Molti sostengono che la bocciatura non abbia una valenza educativa né formativa: si riparte davvero motivati? E in quanto poco tempo si perde il vantaggio iniziale (“so già tutto”) se questo non è sorretto da una motivazione autentica e da una reimpostazione del metodo di studio e lavoro?
Il cambio di classe e di compagni, inevitabilmente più piccoli, non favorisce processi di integrazione proprio dove il gruppo è parte fondamentale dei processi di apprendimento.
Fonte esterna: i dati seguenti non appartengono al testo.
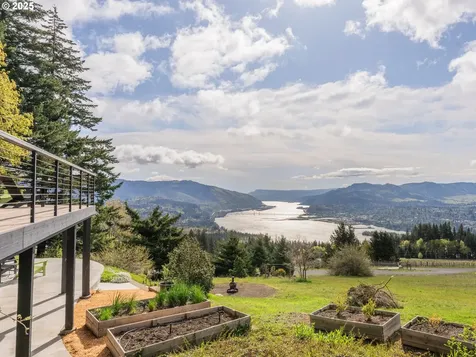 51 Sunrise Road Underwood WA 98651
E poi, ha senso nel 2020 avere vent’anni e trovarsi ancora alle superiori, quando la società là fuori va veloce e il mondo del lavoro reclama una competitività basata su skills trasversali?
La bocciatura confligge inoltre con un’idea di scuola inclusiva (i dati sui professionali dicono che le bocciature aumentano laddove c’è anche disagio sociale, altro che scuola come ascensore sociale) e non aiuta affatto a combattere la piaga non abbastanza nota dell’abbandono scolastico precoce che in alcune delle nostre regioni tocca un drammatico 20% (dati Istat 2017).
L’alternativa finlandese
Il Gruppo di Firenze, un’organizzazione che da quindici anni si occupa di problemi di didattica lavorando sui concetti di merito e di responsabilità, lo scorso inverno ha sottoposto alle commissioni Cultura della Camera e del Senato una bozza di legge che prevede l’abolizione delle bocciature, a partire da un riordino complessivo della scuola superiore ispirato al modello finlandese. Se l’organizzazione si basasse su corsi disciplinari e non sulle classi tradizionali, lo studente potrebbe avanzare da un anno all’altro ‘ripetendo’ solo la materia nella quale non raggiunge gli obiettivi, evitando così di perdere anni interi e rafforzando le carenze con specifici sistemi di tutoraggio interni alla scuola.
Inutile dire che a oggi la proposta, naufragata in questioni politiche al solito più urgenti e in un prevedibile vespaio di polemiche, è rimasta lettera morta. Ma, c’è da scommetterci, verrà ripresa nei prossimi anni.